Sparse tensors didn't make the cut either. Most transformers use dense tensors where you store every element even if it's zero. Sparse tensors store only non-zero values with their positions, saving memory when data is mostly empty (and has nothing to do with sparse models like Mixture of Experts). This requires different algorithms and careful index management. GPT-2 doesn't need it.

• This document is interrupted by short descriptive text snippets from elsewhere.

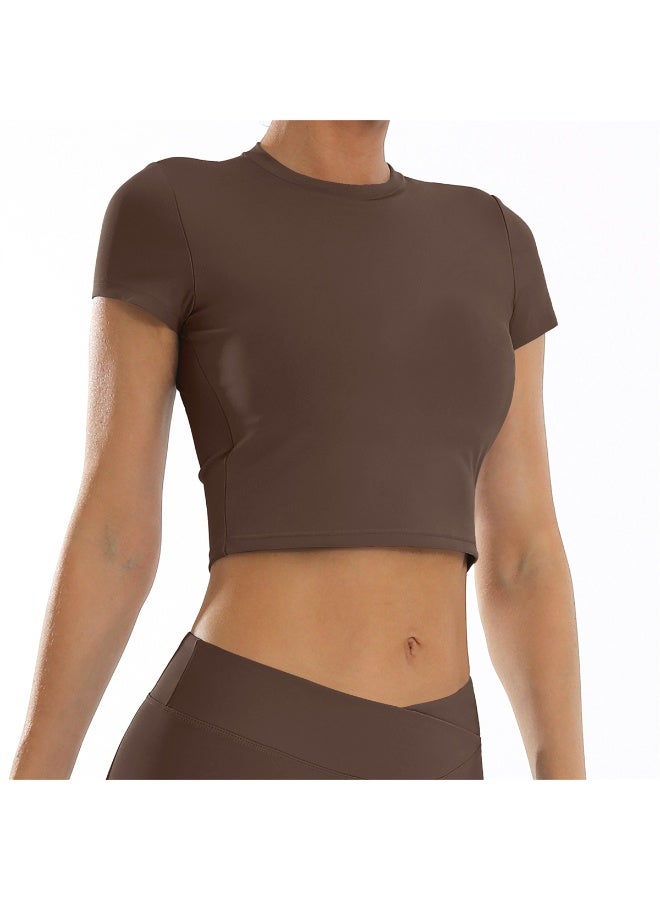 general Crop Top Shirt Short Sleeves Tank Top Yoga Breathable Sports Fitness Workout T-Shirt for Women - Image 2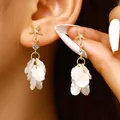White acrylic petal flower tassel earrings with golden starfish studs for women - Light Gold (A-933)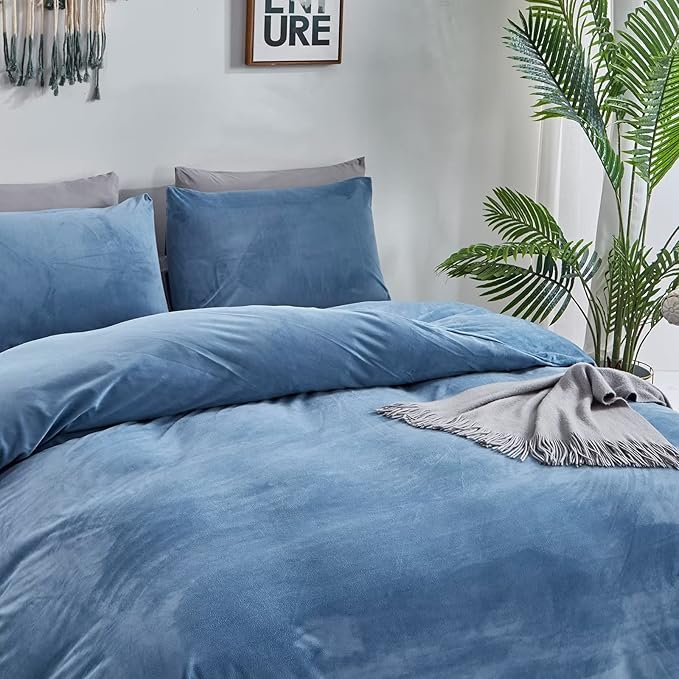 Houseri Blue Duvet Cover Queen Lake Blue Fluffy Bedding Duvet Covers Full Haze Blue Fuzzy Flannel Furry Duvet Cover Micromink Sherpa Light Blue Plush Warm Bedding Set Queen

Feste chooses simplicity over performance. The operations work correctly and run fast enough to train small models. You can experiment, understand what's happening, and see results. It's not built for training large models at scale, but that's not the goal. We're learning how transformers work from the ground up.
Running the Example
The example demonstrates every operation we've discussed: creating tensors, matrix multiplication, element-wise operations, broadcasting, softmax, reshaping, and masked fill. Run it with:
cargo run --release --example 02_tensor_operations
There's nothing language-model specific yet. Just proof that our tensor operations work. You'll see a 2×3 matrix created from six values. A 64×64 matrix multiplication that completes in under a millisecond on an M1 MacBook Pro, showing the parallelization works. Softmax with extreme logits like [100.0, 200.0, 300.0] that would overflow without our max subtraction trick, but produce valid probabilities [0.0, 0.0, 1.0] that sum to 1.0. Broadcasting that adds a 3-element bias vector to each row of a 2×3 matrix without wasting memory. Masked fill that sets future positions to negative infinity so they disappear after softmax.
Everything runs quickly, fast enough to iterate and clear enough to understand. The foundation is solid.
What's Next
Now that we know what tensors are and how to work with them, it's time to assemble a transformer architecture.
A transformer takes tokens in and passes them through a series of stacked layers. Each layer looks at all the tokens together and adjusts their representations based on context. After all the layers, you have a refined representation that becomes your prediction of what tokens will come next.
In Part 3, we'll build this architecture. We'll use random weights, so predictions will be nonsense. But the structure will be complete. Feed it "To be or not to be" and it produces scores for every token in the vocabulary. This is the foundation. Once we add training in a later part, we'll see if we can teach it to predict Shakespeare.